##### Data shown

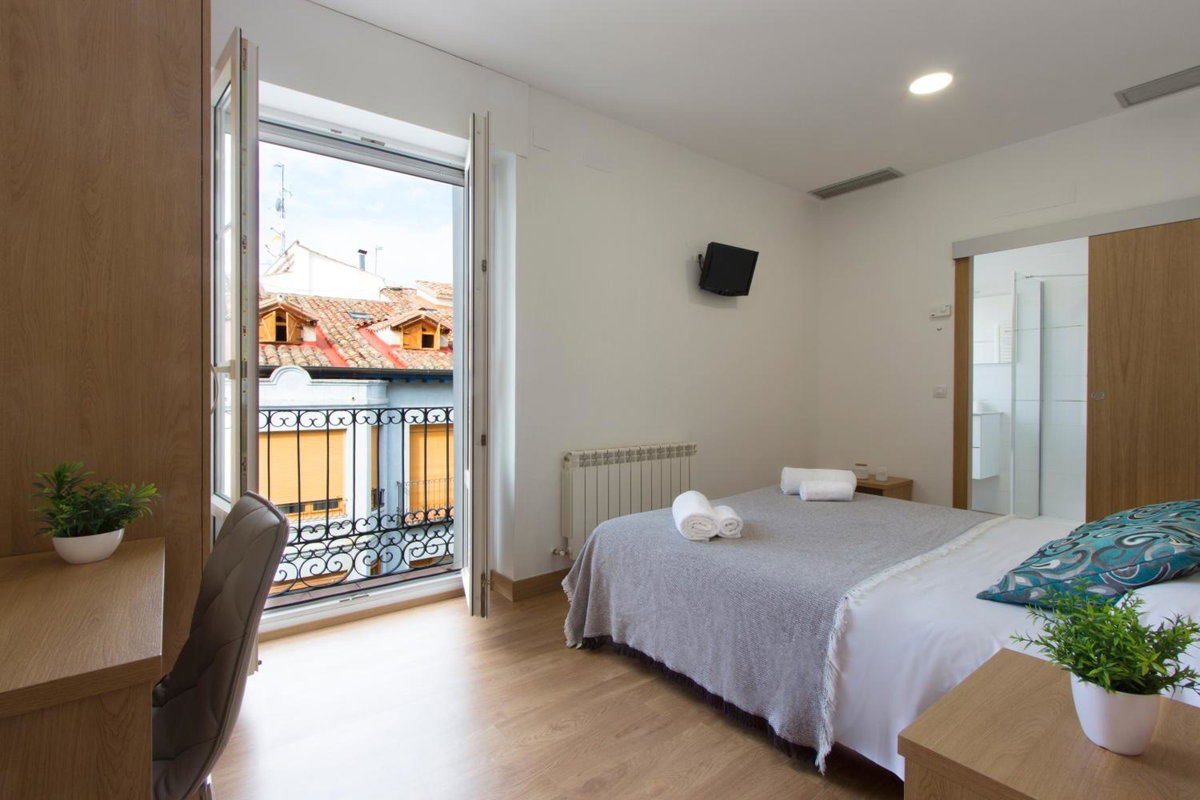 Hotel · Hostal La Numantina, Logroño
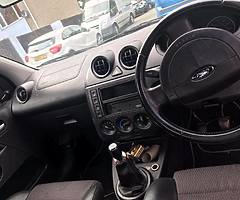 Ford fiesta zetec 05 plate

##########
##### Data shown

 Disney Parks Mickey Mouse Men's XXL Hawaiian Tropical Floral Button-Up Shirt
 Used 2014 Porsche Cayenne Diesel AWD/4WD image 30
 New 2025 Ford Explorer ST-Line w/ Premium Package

##########

*Assigned task*
All lines above from the one holding "Used 2014 Porsche" to the one holding "New 2025 Ford", inclusive, are to be copied exactly; no other line is wanted.

*Solved exercise*
 Used 2014 Porsche Cayenne Diesel AWD/4WD image 30
 New 2025 Ford Explorer ST-Line w/ Premium Package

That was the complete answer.